### [AIM OF THE EXERCISE]
Under this line are records; the part from the line containing "Ieadership online show" through the line containing "Ruger 10/22 Take" should be repeated exactly. Please exclude pictures.

### [GIVEN DATA]

################

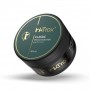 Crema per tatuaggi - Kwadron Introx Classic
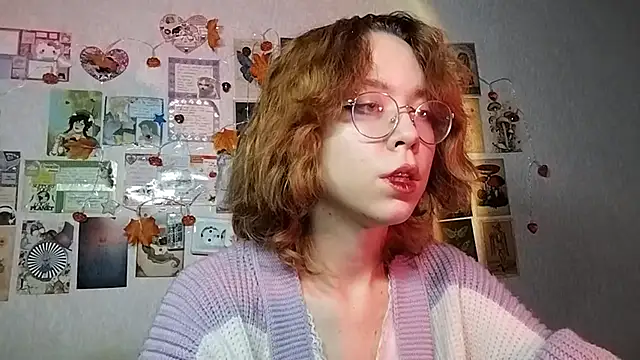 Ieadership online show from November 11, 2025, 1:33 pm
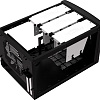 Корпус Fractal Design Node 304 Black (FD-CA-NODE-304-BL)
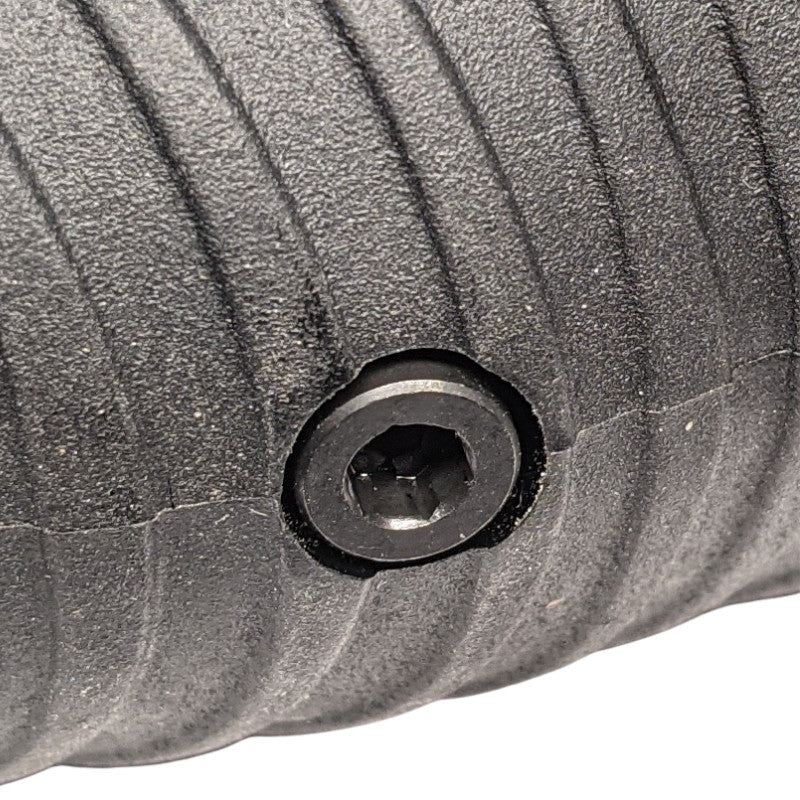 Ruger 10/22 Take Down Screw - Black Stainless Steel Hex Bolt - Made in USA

################

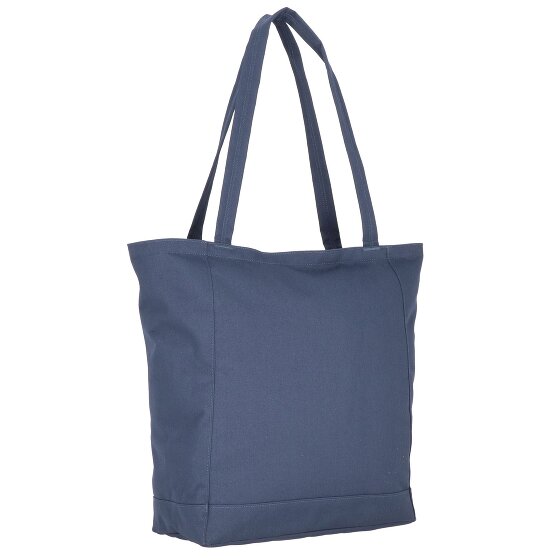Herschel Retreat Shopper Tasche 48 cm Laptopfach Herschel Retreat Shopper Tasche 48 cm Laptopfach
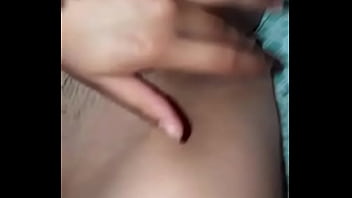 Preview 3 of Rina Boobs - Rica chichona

################

### [COMPLETED EXERCISE]
 Ieadership online show from November 11, 2025, 1:33 pm
 Корпус Fractal Design Node 304 Black (FD-CA-NODE-304-BL)
 Ruger 10/22 Take Down Screw - Black Stainless Steel Hex Bolt - Made in USA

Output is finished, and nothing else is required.